В этом месте подводы переезжали обыкновенно вброд, а дорога, перехваченная ручьем, снова показывала колеи свои между берегом и обрывом; она следовала течению ручья и шла влево. Немного погодя мальчик обогнул часть ската, и церковь в высоте предстала перед ним, обращенная другим своим фасом; обернувшись назад, он мог бы увидеть также село Ягодню, которое, с этой точки дороги, целиком почти рисовалось и смотрело своими окнами, игравшими на солнце, на небольшую долину, по которой вился ручей. Но Гришутка не думал оборачиваться. Его привлекали другие предметы; то на одном из камней усаживалась ворона и требовалось задержать шаг, подобраться к ней ближе и пугнуть ее с места; то останавливали его внимание маленькие заводья ручья, покрытые блистающими иглами льда, не успевшего еще оттаять на солнце; нельзя же было пройти мимо, не надломив ледяной корочки, не пососав ее. Лед теперь в диковину; шутка! как давно его не было! Трудно также было утерпеть, чтобы не спихнуть камня, который висел над ручьем и, казалось, сам просился упасть в воду; или не пустить по ручью обломка древесной коры и не полюбоваться, как пойдет она вилять и прыгать между камнями, как буркнет и пропадет она в пене, сбиравшейся подле уступов, и как потом снова поплывет, следуя прихотливому изгибу.

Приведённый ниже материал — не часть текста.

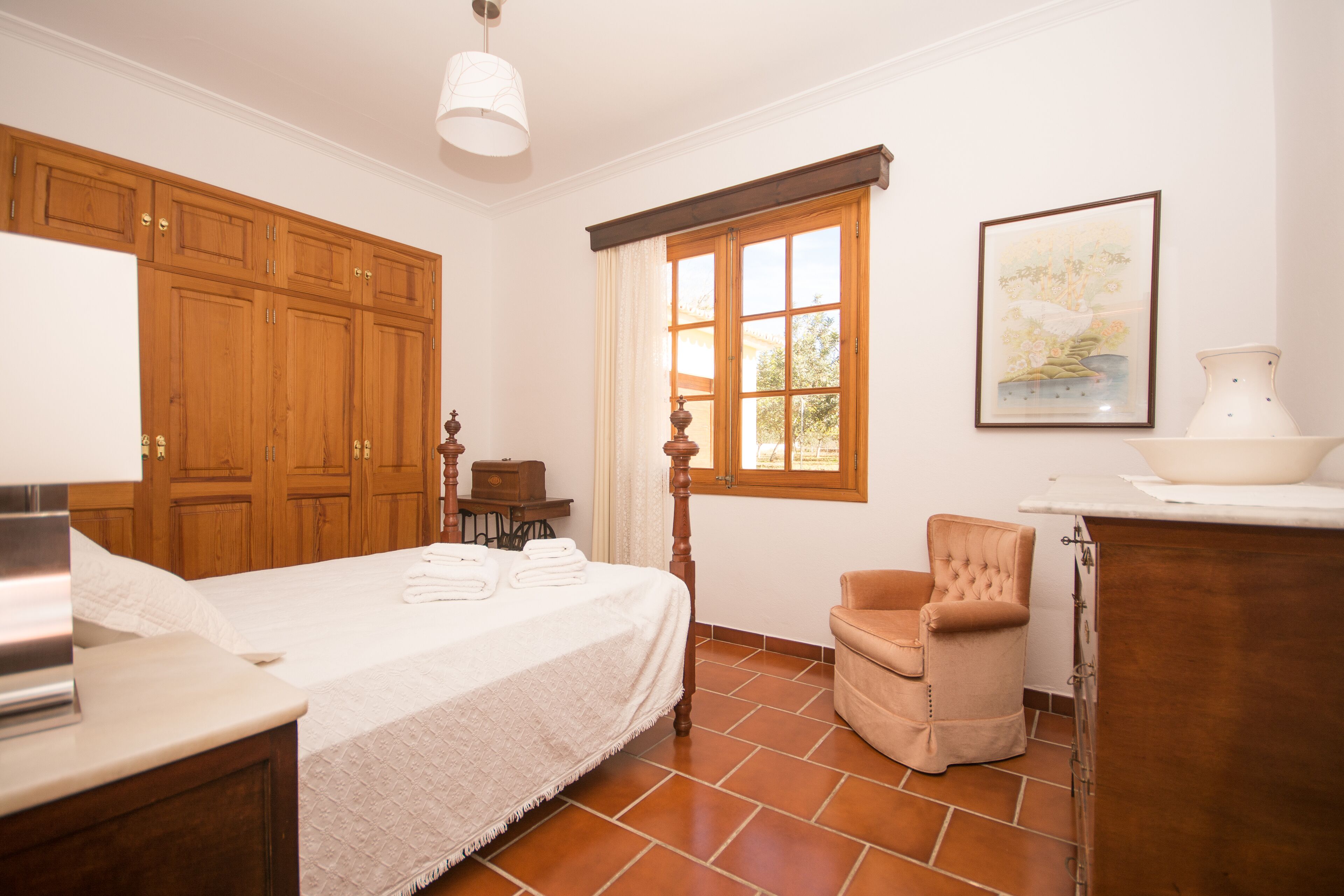Un dormitorio con una cama grande, un armario de madera, una silla, un escritorio y una ventana con cortinas.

Местами берега покрыты были кустами лозняка, который укреплялся даже кое-где посреди ручья в виде маленьких островков. Но как плачевно смотрели теперь эти островочки! Чем сильнее пронизывало их солнцем, тем заметнее выказывалась их бедность; вместо частой, непроницаемой зелени всюду торчали голые, холодно лоснящиеся прутья, перепутанные поблекшей ежевикой, засыпанные у основания листом, похожим на луковичную скорлупу и жалобно хрустевшим при самом легком ветре. Проходя мимо, Гришутка открывал иногда между прутьями серенькое пушистое гнездо; такое открытие давало ему всякий раз случай дивиться, как не заметил он его прежде, проходя тут летом. Что же была это за птица такая?.. Должно быть, крохотная какая-нибудь! И куда она теперь делась?

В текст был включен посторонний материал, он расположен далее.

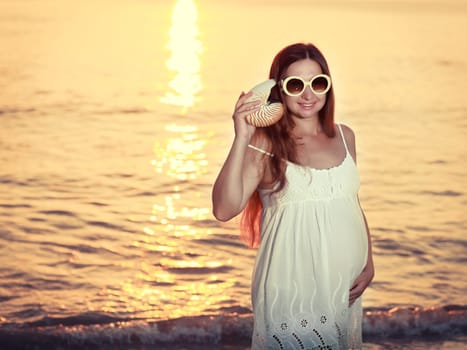Beautiful pregnant woman at sunrise near the sea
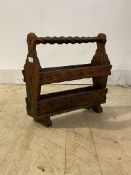 A late 20th century Spanish pitch pine magazine rack, H45cm, W49cm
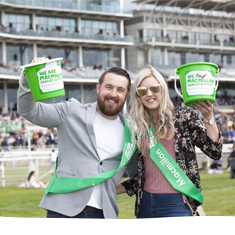 Supporters smiling with green buckets at Macmillan Charity Raceday in York.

«Погоди, постой, лето опять придет, прилетит она опять на прежнее место выводить яйца!..»
И мальчик, озираясь на стороны, старался заметить камень, земляной выступ, овражек против куста с гнездом, чтобы не обознаться, когда придет время прямо напасть на след.
А между тем щеки долины расходились, склоны с обеих сторон понижались, каменистый грунт заметно делался мягче и покрывался травою, по которой плавно теперь, без пены и шуму, спускался ручей. Вскоре открылись пространные луга, кой-где замкнутые лесистыми холмами. Вся эта плоскость, залитая тем же блестящим, хотя холодным сияньем, казалась совершенно гладкою; нигде не было видно деревушки. Но тут и там подымались вдалеке тонкие струйки дыма. Несколько ближе, хотя очень еще далеко, выступало строение с высокой остроконечной кровлей, которая вырезывалась синеватым треугольником под сверкающим краем горизонта. Еще ближе возносилась группа ветел; между головастыми их стволами и сквозь голые сучья мелькал на солнце бревенчатый новый амбар с лепившимися к нему избою и навесом. Ручей, откинувшись от дороги, делал два, три поворота, пропадал раза два и снова сверкал у ветел; дорога шла прямо к амбару. При виде старых ветел и амбара рассеянный, беспечный вид мальчика исчез тотчас же; он снова как будто вспомнил о чем-то и теперь уже с озабоченным и совершенно деловым видом ходко пошел вперед.